The speech group at KTH has developed a number of speech technology tools for use in education of undergraduate students or researchers in the speech field. Earlier, such tools were often developed for a certain computer environment and needed teacher guidance because of their complexity. When the number of speech technology students started to grow, during the last couple of years, the need for more flexible solutions became apparent. One important aim has been to provide dedicated instructional software instead of research tools. Recently, we have added issues like platform independence and intuitive user interfaces to our design goals. Another one is the possibility to use our software over the Internet. The aim is to free the students from the need of using a particular computer at a particular time and place.
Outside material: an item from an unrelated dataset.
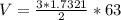 V = \frac{3*1.7321}{2} * 63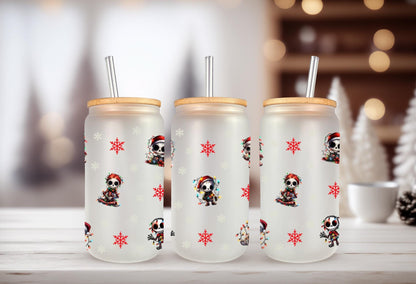 UVDTF Wrap Christmas Skeleton Lights Snowflake for 16oz Can Glass Mug Tumbler, Skeleton Wrap, Ready to apply,  Permanent Waterproof Adhesive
Our courses on speech technology include an introductory section on basic phonetics and speech analysis. A set of exercises for this section has been developed in which students analyse their own speech in various ways. An interactive tool for working with parametric speech synthesis has been developed. The tool facilitates editing of parameter tracks, and it provides real-time feedback of the synthesised speech. It serves as an interface to KTH's multilingual rule based synthesis system, and can be used to control a formant synthesiser as well as a 3-D "talking head". The integrated lab environment GULAN [1] for spoken dialog systems has seen further development in the area of dialogue management [2] in co-operation with the NLP lab at the University of Linköping. The system has also been redesigned for web deployment.

2 IMPLEMENTATION

A speech technology toolkit that serves as a basis in the creation of spoken language systems has been developed. A number of programming languages are used in the modules of our toolkit. C/C++ is used where maximum performance is required, for example, for the speech recognition and speech synthesis engines. The Tcl/Tk language is used for user interfaces and as a glue language in some modules. It was chosen because it is platform independent and makes it simple to integrate existing modules and applications as well as changing and extending these. It also has powerful and easy to use networking facilities. The main drawbacks of the Tcl language are its execution speed and its primitive syntax. However, this can be overcome by implementing complex and time critical code in a more powerful language. Also, it is possible to run scripts which are embedded in web pages and which download quickly because of their relatively compact text representation. In all, this is an ideal solution for computer based instruction and distance learning.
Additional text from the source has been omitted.